You Have To Be More Specific
It's hard to tell you what's wrong when one's not even sure what your code's supposed to do in the first place.
You should explain the following when you're posting:
- What is your program supposed to do?
- What do you think is not working right?
Let's See Some Issues
Without knowing what exactly you're trying to do here, let me run some analysis on your code.
16 (x <= i);//as it will repeatedly executed until the value is less than or equal to i
this line does nothing. This is an empty instruction. You ask the compiler to compare if x is less or equal to i, but then that's it, you don't do anything with the result, just throw it away.
Consequently, i is an unused variable and for this, the following lines could be removed:
5 int i;
10 i = n * n * n;
The value of i is never read, so there's no point in writing the value of i and no point in creating this variable.
21 printf("%d\n", x);
has a wrong indentation. It should have the same indentation as the line above. This is not a problem to the compiler, but to the reader, making humans confused.
10 x = (n * (n - 1)) + 1; //formula to get the first addend
12 y = 2; //since the first addend is an odd number, then by adding 2 to the first addend will result into another odd addned
18 x += y; //the first addend will repeatedly add 2 to itself
20 while (x <= n);//I thought that this loop will help us to print the same count of the inputted number
It's easy to see that x is always greater than any non-negative n, so the while statement in line 20 will be always false (except for when an overflow happens). So you probably wanted to do something differently.
UPDATE
Problem specified
Thank you for specifying the problem in more detail. Now it is clear what your program is supposed to do. Now I can give you advice on how to fix it.
More Problems
Apart from the problems mentioned above, I've found that the formula you use (n * (n - 1) + 1) does not really work. So I had to create a new formula. Actually two: one for even one for odd numbers.
A Possible Solution
I came up with the solution below for the given problem. I used your code as a start and fixed it up.
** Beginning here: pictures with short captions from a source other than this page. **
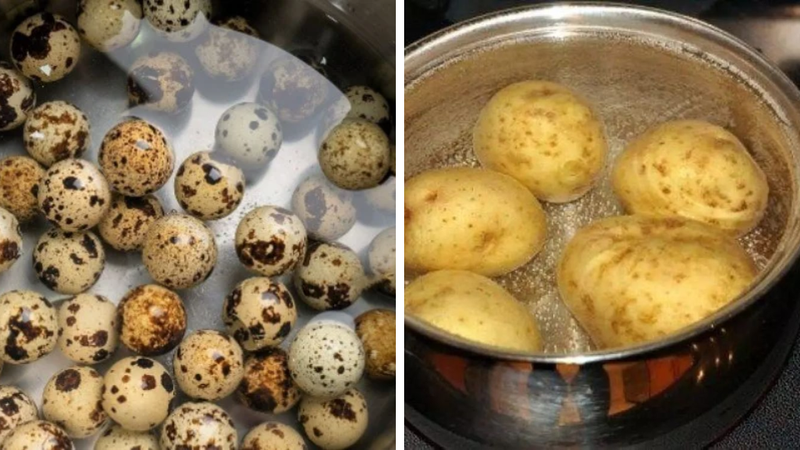 Trứng cút bách hoa 3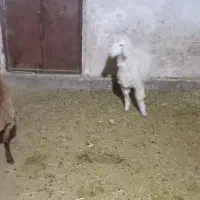 بره نر و ماده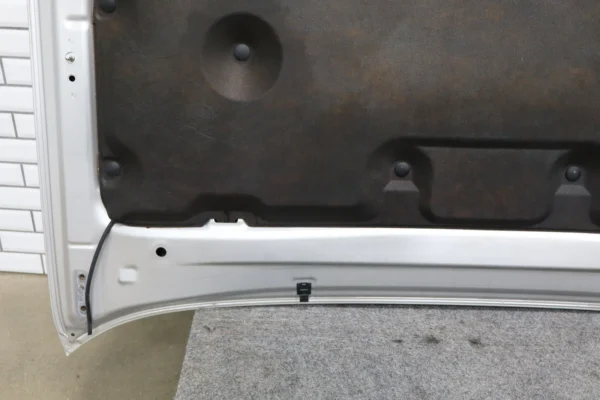 57_029faaae-52ee-42d0-bf24-ddf4e2b60342 2012 Lexus GX460 Hood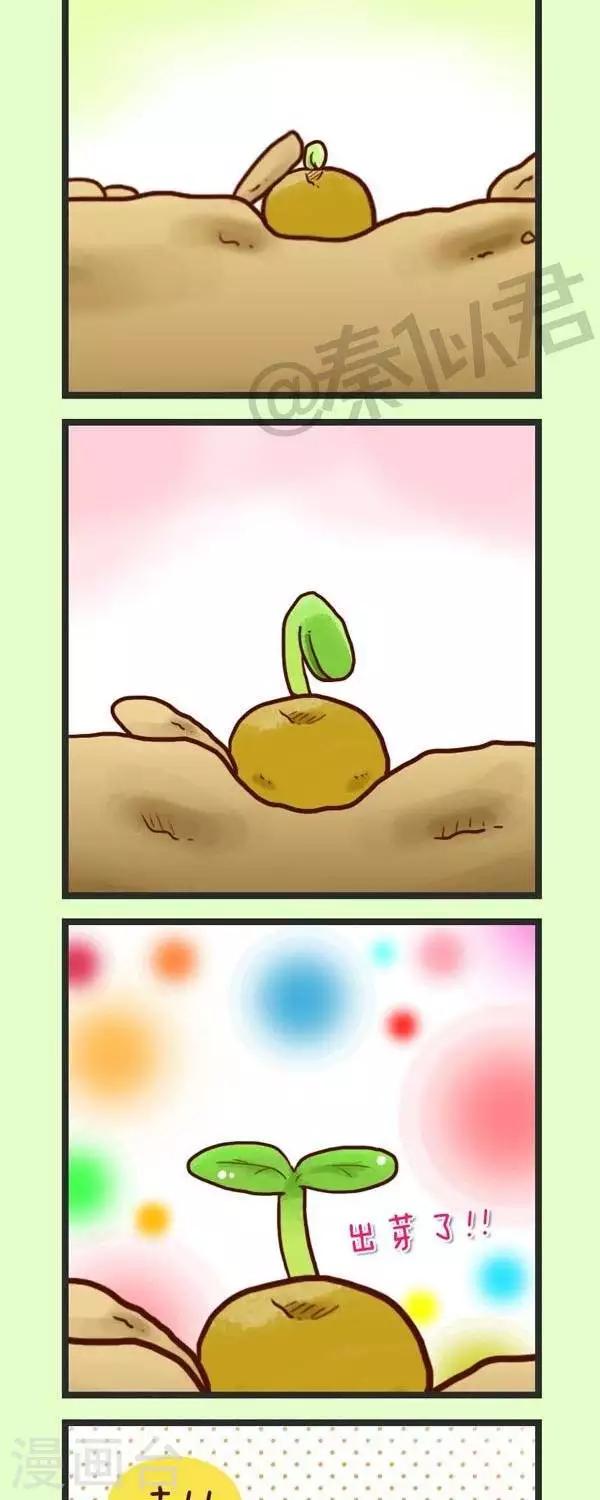 第45话  种青菜-第45话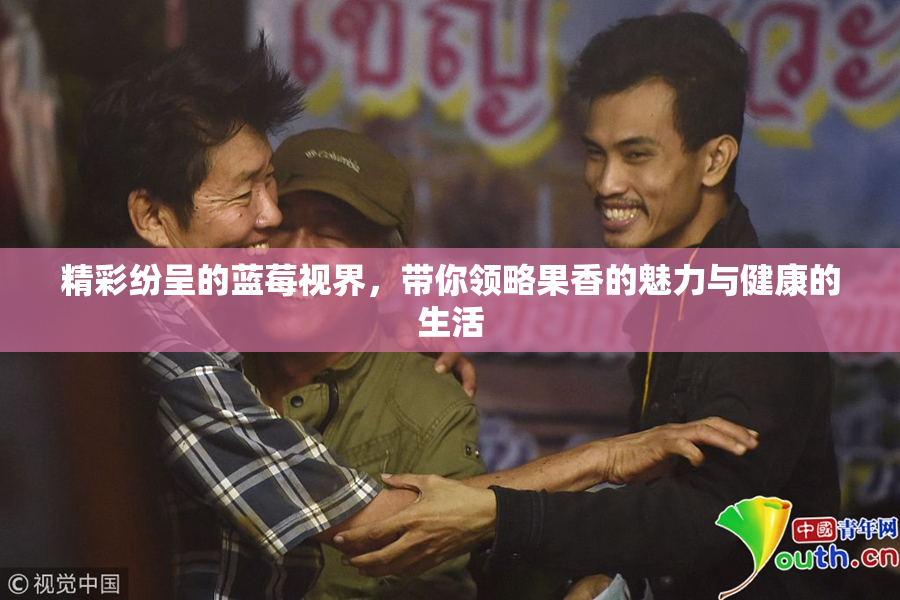精彩纷呈的蓝莓视界，带你领略果香的魅力与健康的生活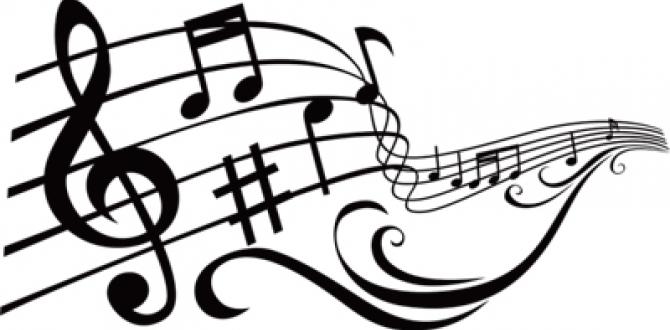 Sizce müzik konusunda eğitim mi yoksa doğuştan gelen yetenek mi önemli ?
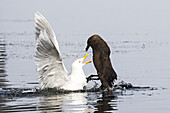 Eine Eismöwe (Larus hyperboreus) streitet mit einer Skua Stercorarius skua) streiten im Meer, Alkefjellet, Spitzbergen, Svalbard, Norwegen, Arktis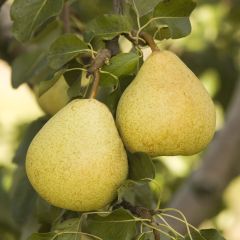 Pereira Delbardélice Georges Delbard - Pyrus communis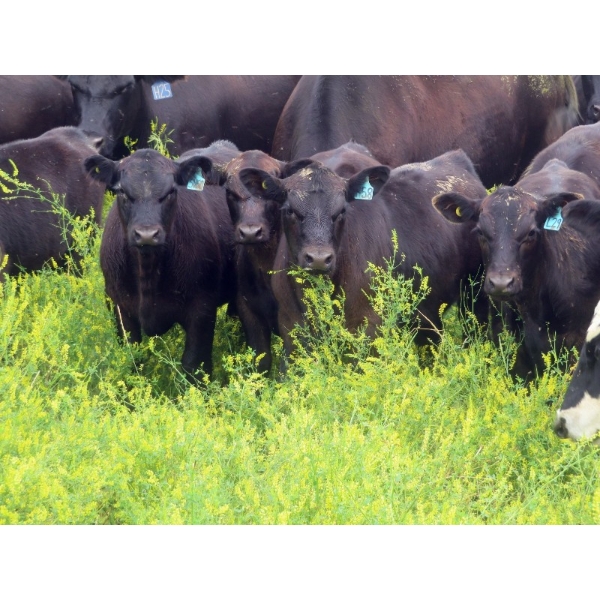 Spring View Ranch Ltd. - 610# November Delivery Steer Calves - 80 Head (Beaubier, SK)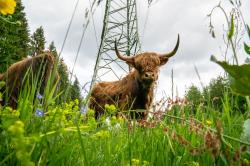 Ein Hochlandrind steht von unten fotografiert auf einer blütenreichen Wiese, hinter ihm ragt ein Strommast auf.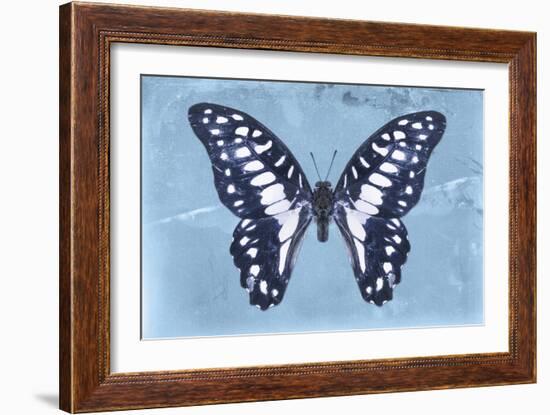 Miss Butterfly Graphium - Blue-Philippe Hugonnard-Framed Photographic Print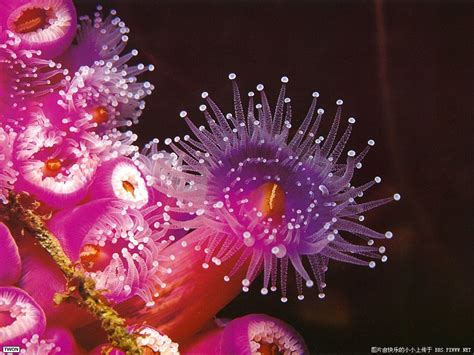 五彩斑斓的海葵，居然这么好吃！这些做法营养又美味！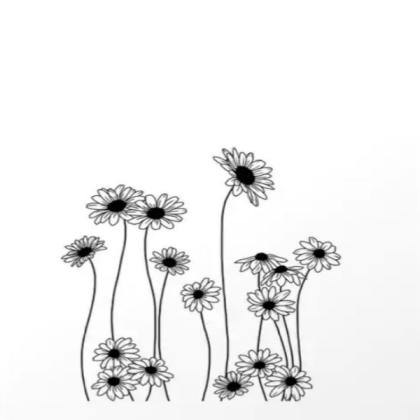 ##### ####### minimalist line drawing Roblox decal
I needed an array to store the actual addends that the program is supposed to print and called it addends for simplicity.
In the next step we apply the formula (depending on even or odd) to calculate the middle addend then iterate toward the beginning of the array and set every element being 2 less than the previous one.
Then do this toward the other direction: starting from the middle iterate through every element toward the last in the addends array and set every element 2 more than the previous one.
After this, all is left is to print the elements of addends.
I grouped the relevant code into a single function called Pow3().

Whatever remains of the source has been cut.